<<<<
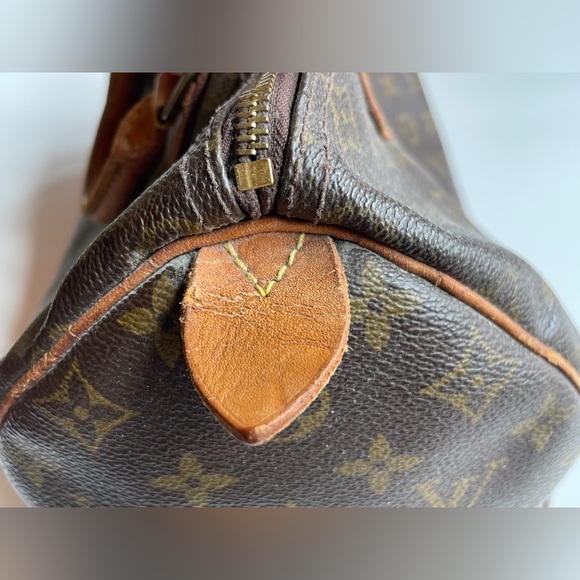 Louis Vuitton Speedy 30 - vintage with new zipper - Picture 8 of 15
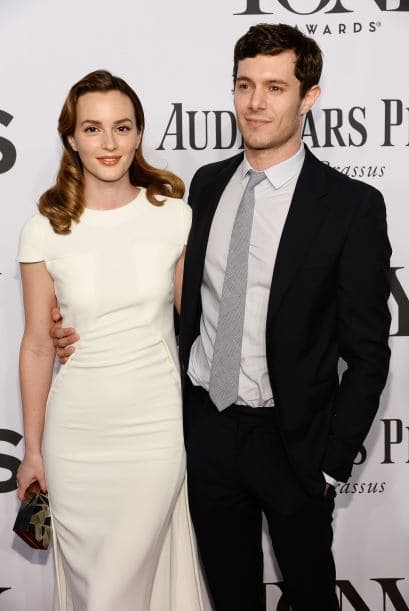 Leighton Meester y Adam Brody fue otra de las parejitas que nos dieron tremenda sorpresa, cuando anunciaron que se habían casado en secreto.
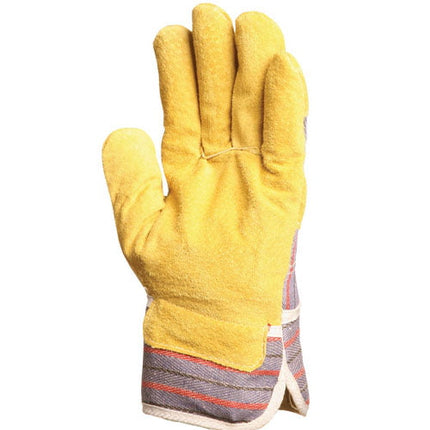 Manusi protectie de lacatus galbene CG204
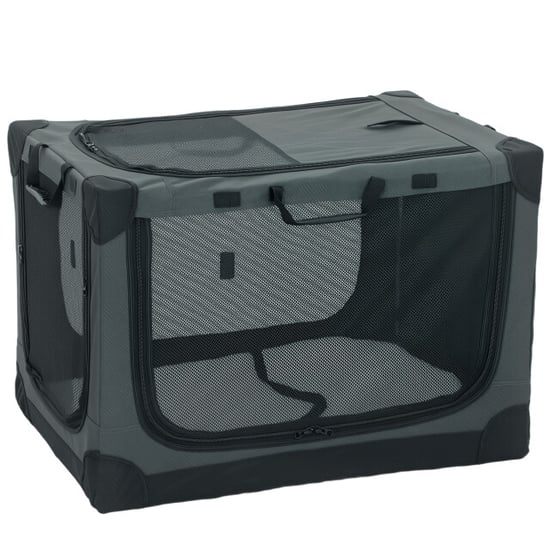 4goodz Reismand opvouwbaar met kussen voor honden tot 31kg leger - Image 1
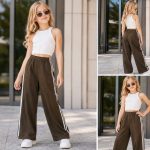 Spodnie DZIECIĘCA size 4-14 lat_ paczka 6szt _1 kolor 1396558
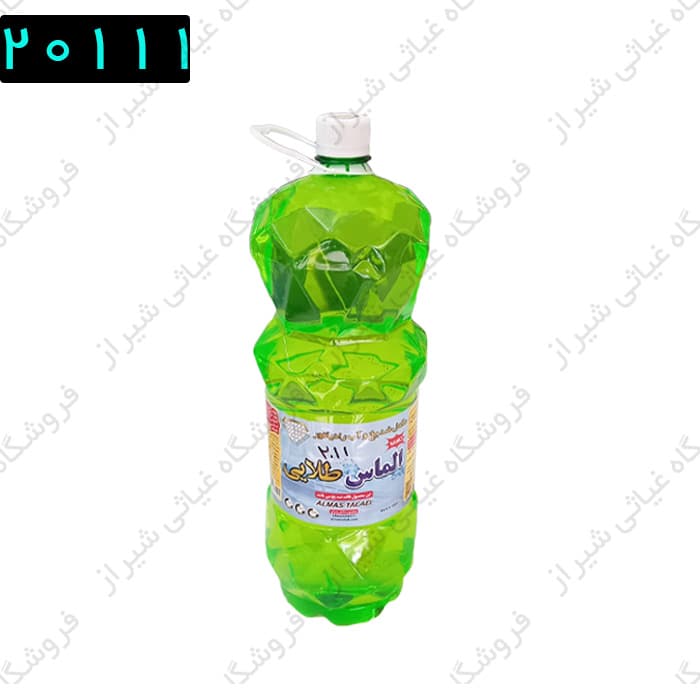مکمل ضدیخ و آب رادیاتور الماس طلایی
>>>>
Task details:
Your answer should hold only the lines from the line with "Leighton Meester y" through the closing line of the records, restated exactly and free of pictures.

Task result:
 Leighton Meester y Adam Brody fue otra de las parejitas que nos dieron tremenda sorpresa, cuando anunciaron que se habían casado en secreto.
 Manusi protectie de lacatus galbene CG204
 4goodz Reismand opvouwbaar met kussen voor honden tot 31kg leger - Image 1
 Spodnie DZIECIĘCA size 4-14 lat_ paczka 6szt _1 kolor 1396558
مکمل ضدیخ و آب رادیاتور الماس طلایی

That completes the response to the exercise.